[Stored dataset items]
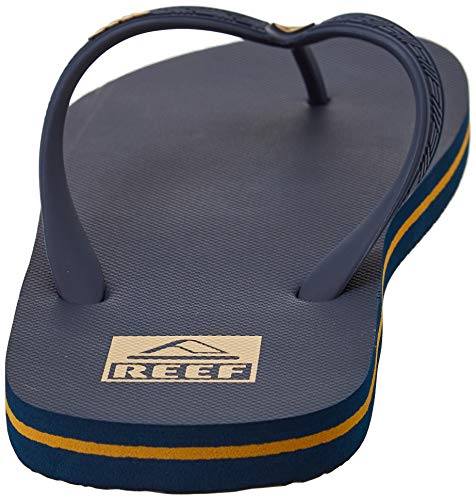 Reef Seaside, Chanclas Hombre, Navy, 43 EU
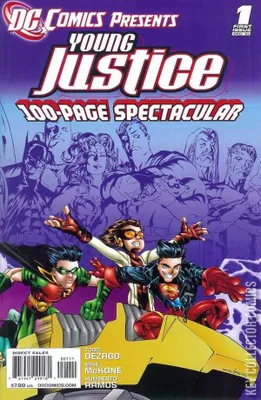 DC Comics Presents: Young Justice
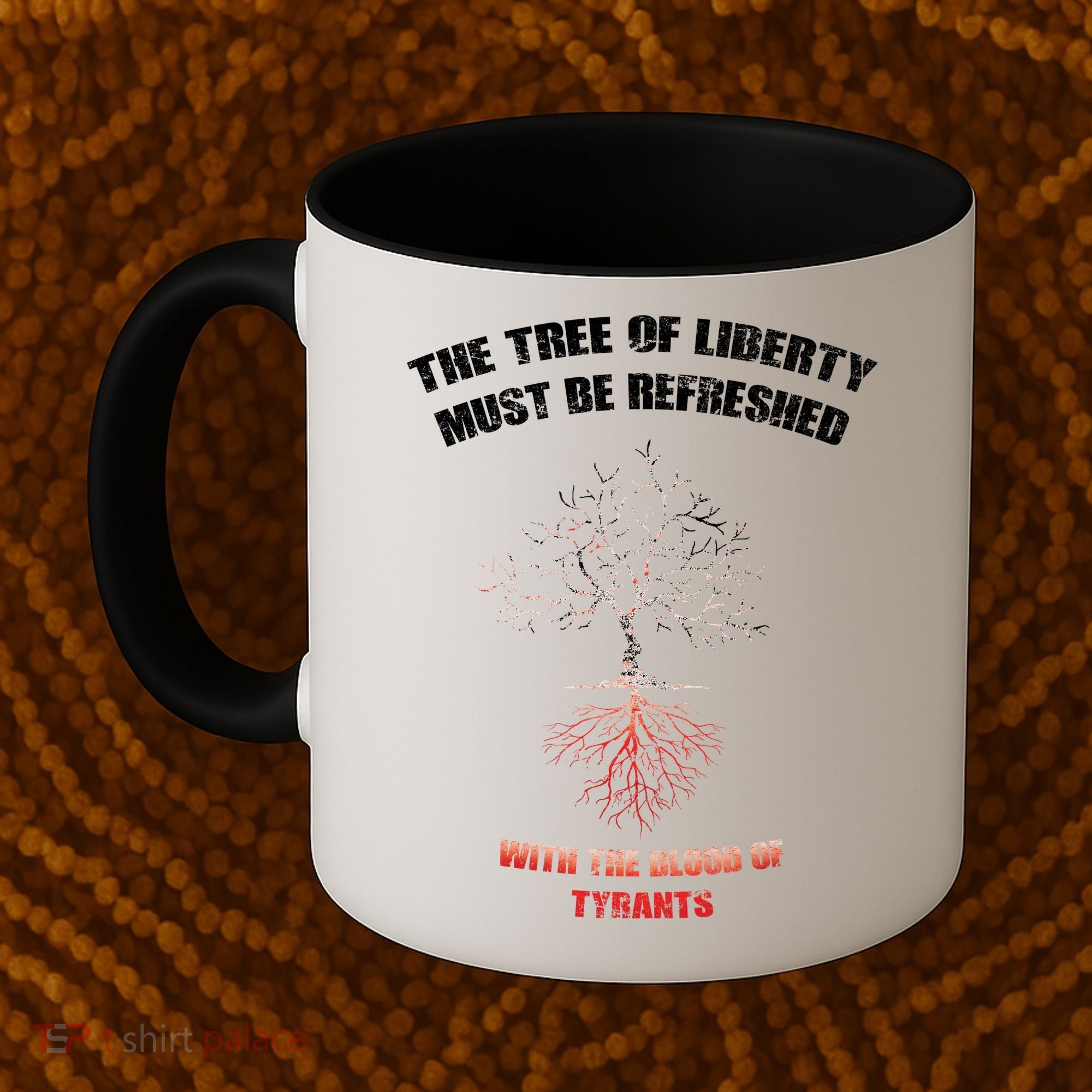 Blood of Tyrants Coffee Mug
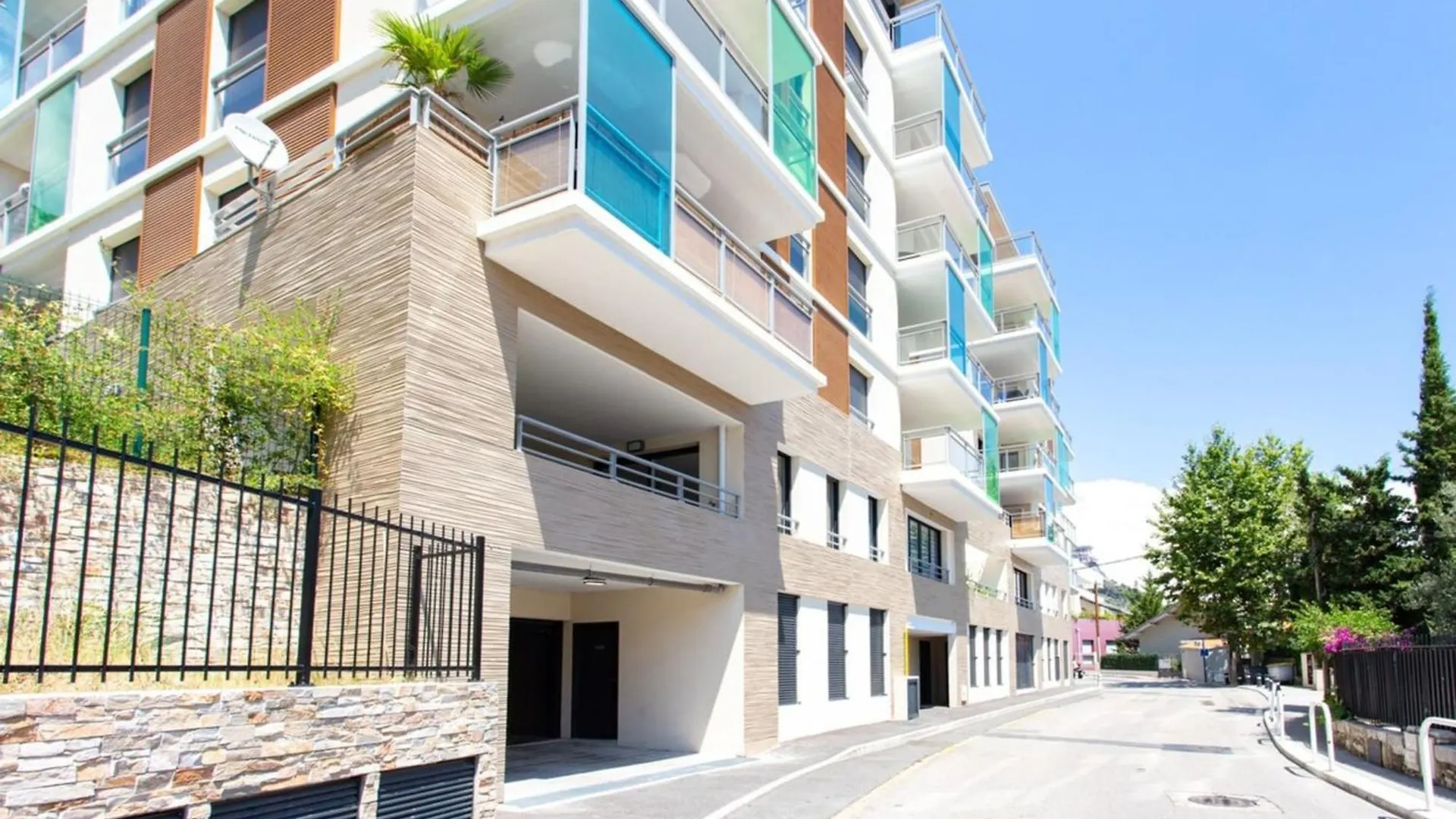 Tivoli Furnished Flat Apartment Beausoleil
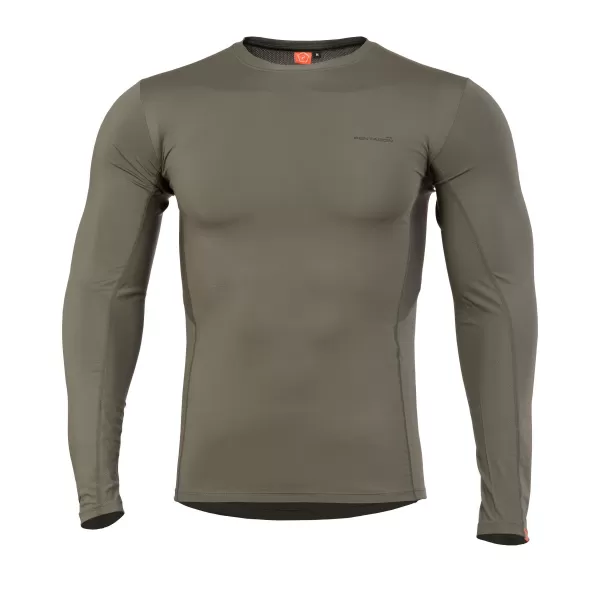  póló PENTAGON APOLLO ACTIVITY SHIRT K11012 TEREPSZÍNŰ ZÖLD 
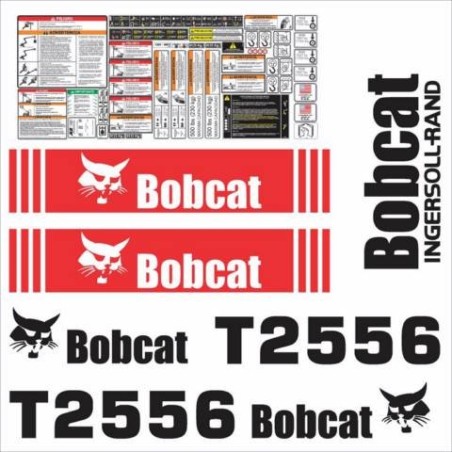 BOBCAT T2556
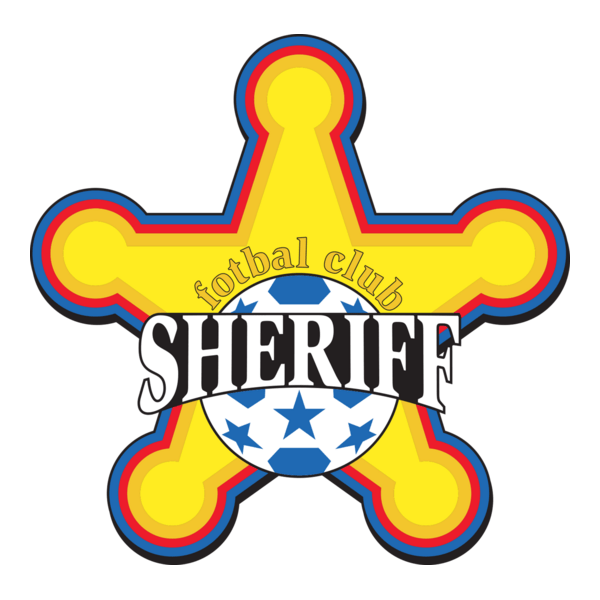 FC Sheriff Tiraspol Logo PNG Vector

**TASK ITEM**
All of the data above should be transcribed verbatim, with pictures omitted.

**COMPLETED EXERCISE**
 Reef Seaside, Chanclas Hombre, Navy, 43 EU
 DC Comics Presents: Young Justice
 Blood of Tyrants Coffee Mug
 Tivoli Furnished Flat Apartment Beausoleil
  póló PENTAGON APOLLO ACTIVITY SHIRT K11012 TEREPSZÍNŰ ZÖLD 
 BOBCAT T2556
 FC Sheriff Tiraspol Logo PNG Vector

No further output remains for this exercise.